3巻
やがて新人検察官として働き始めた正美は、相変わらず普段は地味で真面目だけが取り柄の面白みのない女として法に従っていた。
上司や同僚にも最低限の礼儀だけを尽くしてプライベートと完全に切り分け、毎週木曜日は露出たっぷりの服装で繁華街に繰り出しては男に声をかけ、数万で股を開くという売春行為を繰り返していた。
木曜日は父とヤっていた日、母が不倫相手と会っていた日だった。
ただ仕事中でもふと気を抜けば、乳首や股間の疼きが大きくなり、それは日に日に無視できないものになっていった。
木曜日以外はオナニーで抑えていたが、立派な検察官になるためにはこのままでは危ないという危機感が募った。
そんなある日、感じは良いがどうも接するのがめんどくさいと感じる倍近くも年の離れた小倉検事に相談を持ち掛けられ、仕方なくお茶に付き合った。

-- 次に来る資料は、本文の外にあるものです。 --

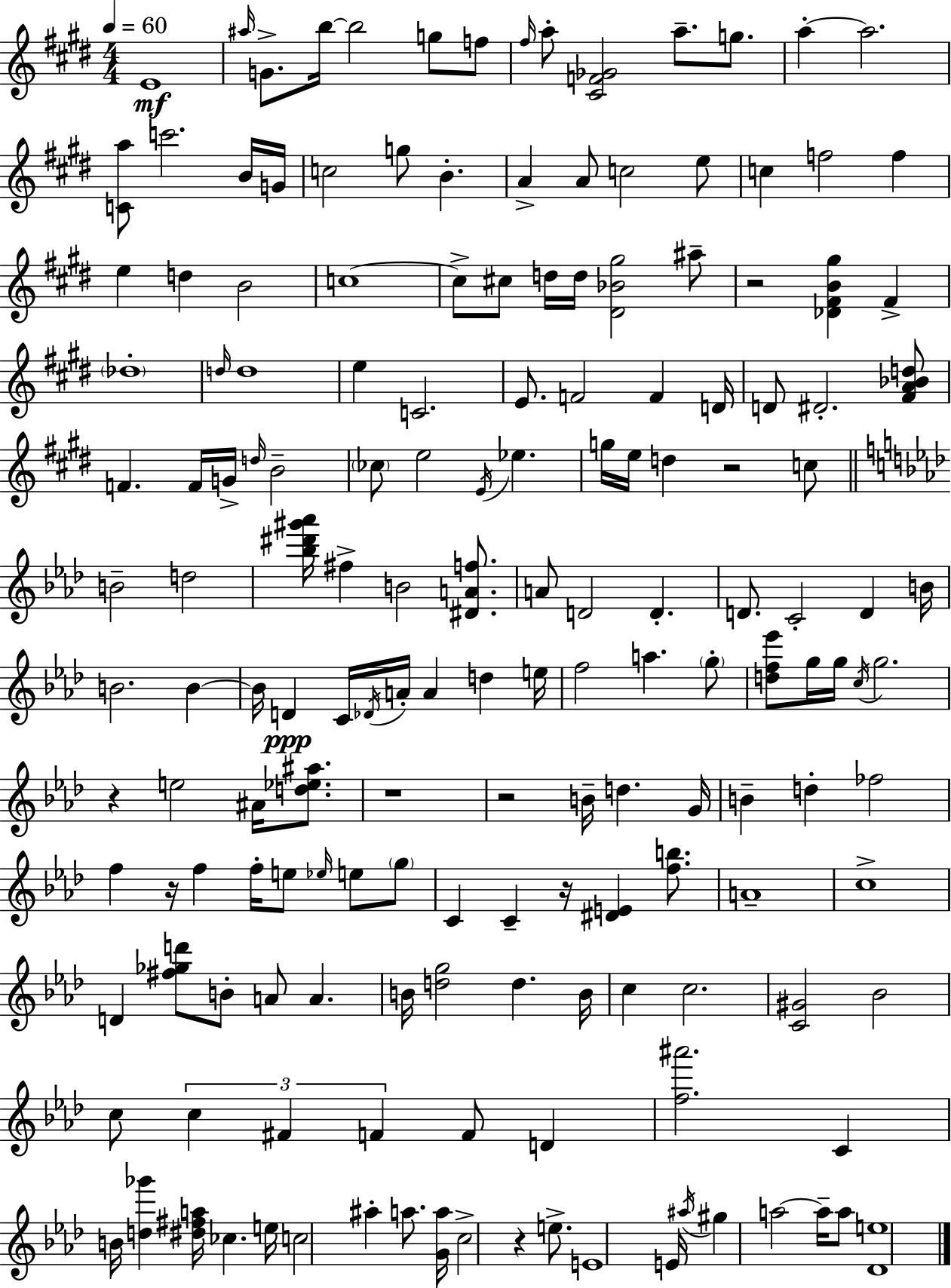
E4/w A#5/s G4/e. B5/s B5/h G5/e F5/e F#5/s A5/e [C#4,F4,Gb4]/h A5/e. G5/e. A5/q A5/h. [C4,A5]/e C6/h. B4/s G4/s C5/h G5/e B4/q. A4/q A4/e C5/h E5/e C5/q F5/h F5/q E5/q D5/q B4/h C5/w C5/e C#5/e D5/s D5/s [D#4,Bb4,G#5]/h A#5/e R/h [Db4,F#4,B4,G#5]/q F#4/q Db5/w D5/s D5/w E5/q C4/h. E4/e. F4/h F4/q D4/s D4/e D#4/h. [F#4,A4,Bb4,D5]/e F4/q. F4/s G4/s D5/s B4/h CES5/e E5/h E4/s Eb5/q. G5/s E5/s D5/q R/h C5/e B4/h D5/h [Bb5,D#6,G#6,Ab6]/s F#5/q B4/h [D#4,A4,F5]/e. A4/e D4/h D4/q. D4/e. C4/h D4/q B4/s B4/h. B4/q B4/s D4/q C4/s Db4/s A4/s A4/q D5/q E5/s F5/h A5/q. G5/e [D5,F5,Eb6]/e G5/s G5/s C5/s G5/h. R/q E5/h A#4/s [D5,Eb5,A#5]/e. R/w R/h B4/s D5/q. G4/s B4/q D5/q FES5/h F5/q R/s F5/q F5/s E5/e Eb5/s E5/e G5/e C4/q C4/q R/s [D#4,E4]/q [F5,B5]/e. A4/w C5/w D4/q [F#5,Gb5,D6]/e B4/e A4/e A4/q. B4/s [D5,G5]/h D5/q. B4/s C5/q C5/h. [C4,G#4]/h Bb4/h C5/e C5/q F#4/q F4/q F4/e D4/q [F5,A#6]/h. C4/q B4/s [D5,Gb6]/q [D#5,F#5,A5]/s CES5/q. E5/s C5/h A#5/q A5/e. [G4,A5]/s C5/h R/q E5/e. E4/w E4/s A#5/s G#5/q A5/h A5/s A5/e [Db4,E5]/w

すると小倉は脈絡なく自分のパーソナルデータを語り出し、妻とは死別で今は独身だという。
そしていきなり結婚を前提に付き合って欲しいと言ってきた。
正美は驚きよりも呆れ、好きでもないおっさんと付き合うわけないだろうと内心罵った。
しかし、ふと小倉も父親と同じ検察官だと思うと、もしかしたら彼が身体の疼きを抑えてくれるのに一番最適な相手かも知れないと思えてきた。
今までの男に足りなかったのは、父と同じ検察官という立場。
その可能性に懸けた正美は、返事を保留した。
とにかく小倉とヤリたいという欲情がこみ上げたが、さすがにいきなり誘っては相手の気持ちが変わるかもと思い、木曜日ではなかったがまた繁華街に繰り出して、目に留まった適当な男に声をかけてホテルに雪崩れ込んだ。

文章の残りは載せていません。